É um registro um pouco à maneira de jornais que exploram crimes e notícias policiais. Na última página do poema, lê-se o aviso discreto do poeta: “Só enquanto recupero o fôlego”. Essa é a senha para que se entenda o texto como um poema confessional, por dois motivos, segundo Nunes: na época de criação do poema, ele estava sufocado pelo trabalho como publicitário em agências do Rio de Janeiro; e desenvolvera uma deficiência respiratória bastante acentuada.

O confessional de um estado de desespero (que é tanto psico quanto fisiológico), portanto, em vez da banal exploração cotidiana da violência com a qual estamos acostumados.

Um dos seus poemas ainda mais fortes ocorre, no entanto, quando ele volta essa sua visceralidade poética para si próprio, como é o caso do poema “Enfisema pulmonar”, uma elegia à morte de seu pai, Levi – um dos assuntos mais graves e pessoais, na poesia, do qual alguém pode querer tratar. Com apenas 19 versos e algumas imagens (representando o seu pai, ou com partes da foto obscurecida ou multiplicado, nunca revelado plenamente de frente), diz Fabrício Marques, ele é um dos mais tocantes poemas da poesia brasileira. E não sou eu quem irá negar isso. A crueza do verso, que, até onde vai minha experiência com funerais, acerta precisamente no nervo da descrição da crueza de toda a situação, culminando na conclusão dos últimos 2 versos, é de uma força emocional tremenda. Não é obra de um poeta escatológico leviano, certamente.
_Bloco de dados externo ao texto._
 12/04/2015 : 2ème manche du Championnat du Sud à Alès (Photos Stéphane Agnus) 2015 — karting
Como o uso da imagem é parte integrante do poema (como é o caso dos demais poemas do Nunes), precisei digitalizar as imagens a partir do livro. Mas transcrevo junto abaixo também o texto, para facilitar para o leitor que, por qualquer motivo, tiver problemas em ver as imagens.

Para quem quiser conferir outros poemas de Nunes, indico ainda este post da revista Modo de Usar & Co.,

Adriano Scandolara

Enfisema 1

Levi Araújo Nunes nasceu no Serro, MG, de onde fugiu
aos 15 anos, depois de uma briga a tiros na qual feriu
(ou matou) alguém, se minha avó Antoninha não
estava delirando. Participou de duas ou três badernas
militares, por idealismo, gosto de aventura e falta do
que fazer. Me ensinou que preguiça e
irresponsabilidade são grandes virtudes, mas exigem
coragem e astúcia. Sempre quis que eu escrevesse
como Guerra Junqueiro, o único poeta que admirava.
Casou-se um dia antes da morte de minha avó
Etelvina e, com as 4 vacas de herança, abriu uma
venda em Bocaiúva, MG, onde se asilou para sempre

Enfisema
Pulmonar
(Elegia rupestre para Levi Araújo, o menor dos Nunes)
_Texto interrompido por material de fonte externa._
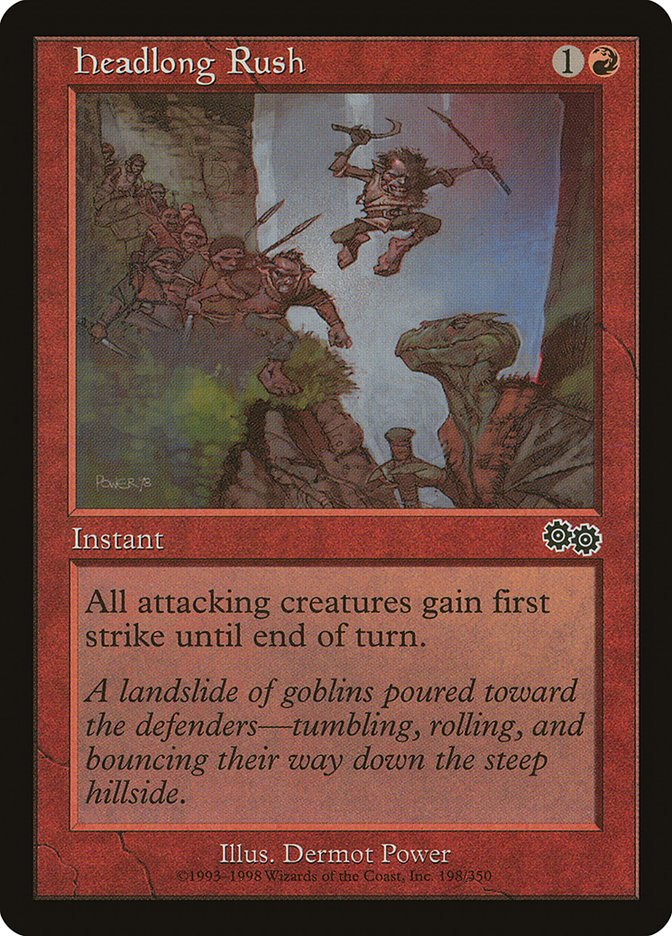 Headlong Rush: Urza's Saga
duas e meia da tarde. 10 de junho de 1984
mãos secas. pés juntos. algodoais no nariz.
véu negro sobre o rosto: tímido noivo de verme
rotineira terra roxa sobre o cadáver de cera.

Enfisema 2
vai embora levi e seus 40 quilos de osso.
vai embora o enfisema. missão cumprida.
vão embora pescarias. cigarros de palha. tosses.
revólver na cintura. carteados. o olho de cobra.
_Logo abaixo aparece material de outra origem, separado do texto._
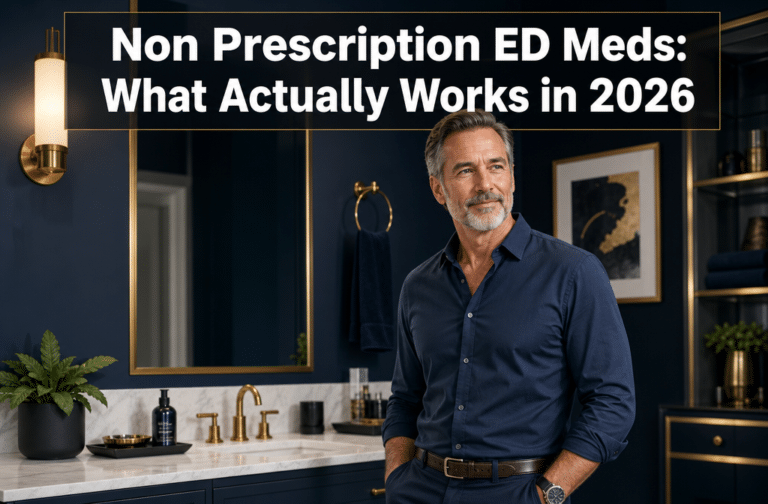 non prescription ed meds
o coveiro sua e pragueja: antes ele do que eu
foi tudo muito rápido. silencioso. sem queixas.
1 metro e 58 e nunca confessou nada. nem a padre.
nunca pediu nada. nunca aceitou nada. nem de deus.

Enfisema 3
tão pequeno para um orgulho tão grande.
feroz como todos os pequenos. duro como diamante.
até que finalmente tudo passou – e nada.
que diferença faz? séculos ou mitos ou segundos.
grandes ilusões rastejam entre lagartixas.

e então é verdade: então a vida não passa disto:
um sopro: um cisco no olho: um sopro e nada.